Urgensi pada ASN dalam Menjaga Lingkungan Berbasis Ekoteologi Melalui Zero Waste Lifestyle

- Jumat, 22 Agustus 2025 | 16:16 WIB
Ilustrasi - Sampah yang sudah terurai menjadi kompos tanaman. (Foto: Pixabay/congerdesign)
Ilustrasi - Sampah yang sudah terurai menjadi kompos tanaman. (Foto: Pixabay/congerdesign)

SEWAKTU.COM - Krisis lingkungan yang terjadi setiap tahun selalu mengundang perhatian masyarakat. Akar permasalahan tersebut disebabkan karena penebangan hutan secara liar, meningkatnya emisi gas rumah kaca, termasuk juga terkait produksi sampah yang semakin meningkat.

serupa data yang dirilis oleh Sistem Informasi Pengelolaan Sampah Nasional (SIPSN) Kementerian Lingkungan Hidup dan Kehutanan (KLHK), bahwa timbulan sampah pada tahun 2024, ada 33,79 juta ton. Adapun data tersebut berasal dari 311 kota dan kabupaten (Databoks.id, 2025). Apalagi sekarang Indonesia sudah memiliki 514 kabupaten dan kota. Tentu saja produksi sampah akan terus membludak, sehingga memerlukan upaya penanggulangan yang berkelanjutan.

Baca Juga: Macam-macam Sighat Akad dalam Muamalah, Berikut Penjelasannya

Meningkatnya jumlah timbulan sampah, secara jelas tidak bisa dilepaskan dari gaya hidup masyarakat, termasuk dalam hal ini para Aparatur Sipil Negara (ASN). Sebab, gaya hidup yang cenderung konsumtif dan instan, akan menyebabkan ritme produksi sampah semakin cepat.
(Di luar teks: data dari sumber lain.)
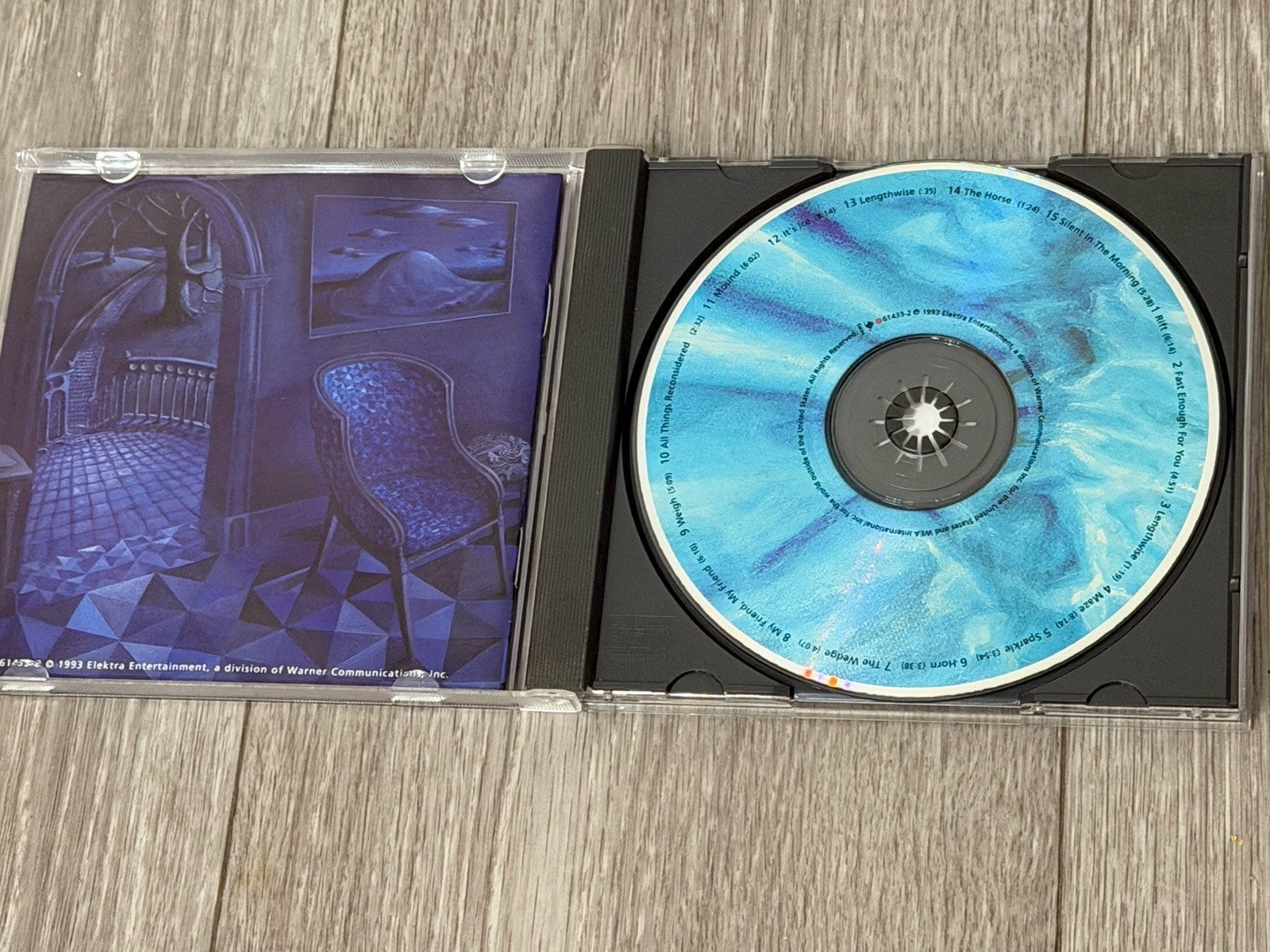 Phish – Rift CD USED - Elektra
Bagi ASN yang kesehariannya di kantor, maka akan sulit membicarakan aktivitas kerja tanpa bersinggungan dengan kertas. Sedangkan menurut data yang dihimpun SIPSN, sampah kertas/karton telah mencapai sebanyak 11,16% dari jumlah timbulan sampah pada tahun 2024 (Databoks.id, 2025). Memang data ini akan terus berubah seiring berjalannya waktu. Namun, sampah akan sampai kapan pun ini terus diproduksi, tanpa dibarengi dengan perubahan gaya hidup masyarakat. Oleh karena itu, ASN bisa mengawali gaya hidup minim sampah, minimal dari dirinya sendiri.
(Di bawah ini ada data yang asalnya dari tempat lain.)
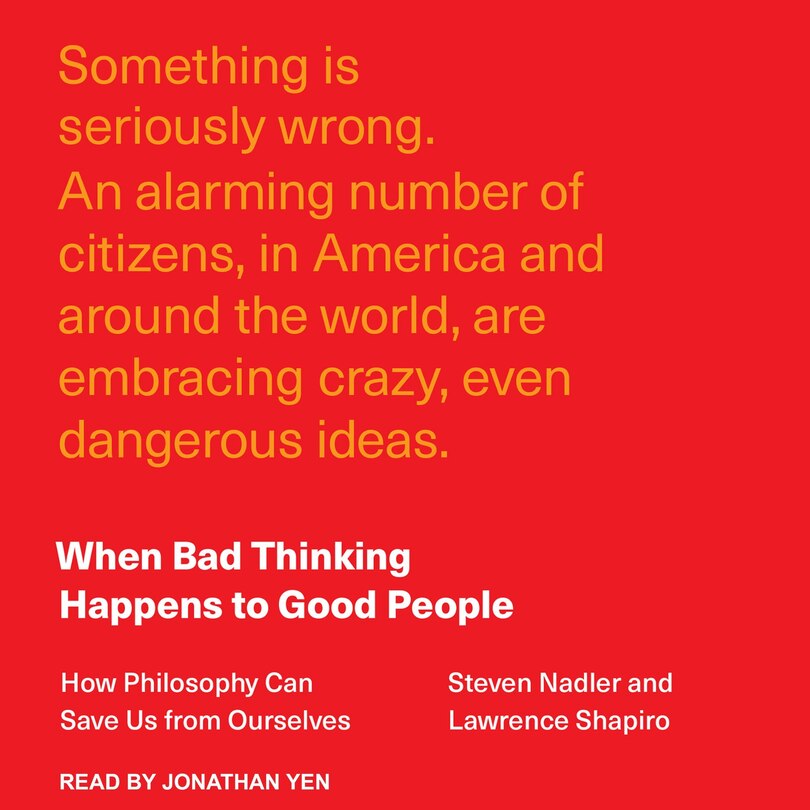 Front cover_When Bad Thinking Happens To Good People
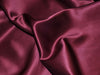 Mulberry viscose modal satin weave fabric ~ 44&quot; wide.(60)
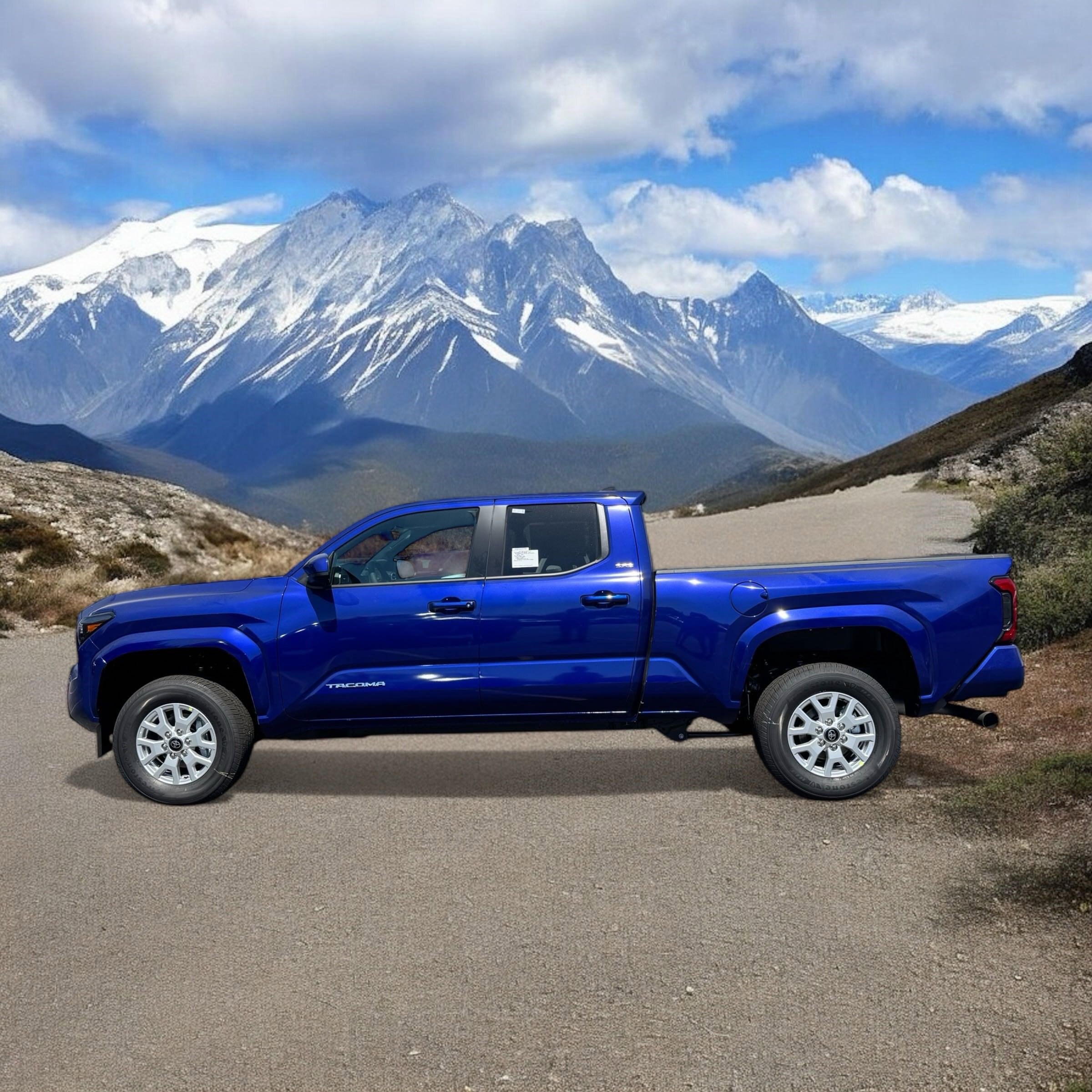 2025 Toyota Tacoma SR5 Double Cab photo 2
Sedangkan sampah dengan varian jenisnya, baik yang organik (basah) maupun anorganik (kering) telah menyebabkan pencemaran lingkungan. Meskipun sudah terdapat Tempat Pembuangan Akhir (TPA), namun peningkatan jumlah sampah terjadi karena mengikuti deret ukur, sedangkan lahan di TPA berpatokan pada deret hitung (Widiarti, 2012).

Ketimpangan ini mengakibatkan lahan di TPA tidak mampu lagi memuat sampah yang datangnya, sehingga berdampak pada lingkugan sekitar. Misalnya, Tempat Pengelolaan Sampah Terpadu (TPST) Bantar Gebang di Provinsi Jawa Barat, tepatnya di Bekasi. Kondisi masyarakat setempat mengalami pencemaran yang disebabkan oleh limbah cair sampah, sehingga berpotensi mengontaminasi sumur rumahnya (Khansa et al., 2024).
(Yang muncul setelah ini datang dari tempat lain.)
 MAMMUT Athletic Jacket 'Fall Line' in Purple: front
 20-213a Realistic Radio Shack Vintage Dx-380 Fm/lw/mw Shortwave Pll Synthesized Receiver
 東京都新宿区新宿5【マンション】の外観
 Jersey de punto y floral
Padahal sampah bukan sekedar barang kotor yang segera dihilangkan dari lingkungan sekitar. Tetapi bisa dimanfaatkan kembali, sehingga mempunyai nilai ekonomis dan digunakan untuk menyuburkan tanaman. Pengeloaan sampah yang baik dan tersistem akan membantu ikut mengurangi daya tampung pada TPA.

Menggerakkan kerja pengelolaan tersebut, tentu tidak hanya tugas pemerintah, komunitas lingkungan, dan pemuka agama melainkan juga para ASN. Kepedulian terhadap lingkungan memang suatu hal yang sakral dalam kehidupan di muka bumi ini. Apabila kelestarian alam tidak dijaga, maka sama halnya manusia tidak menghargai pencipta-Nya.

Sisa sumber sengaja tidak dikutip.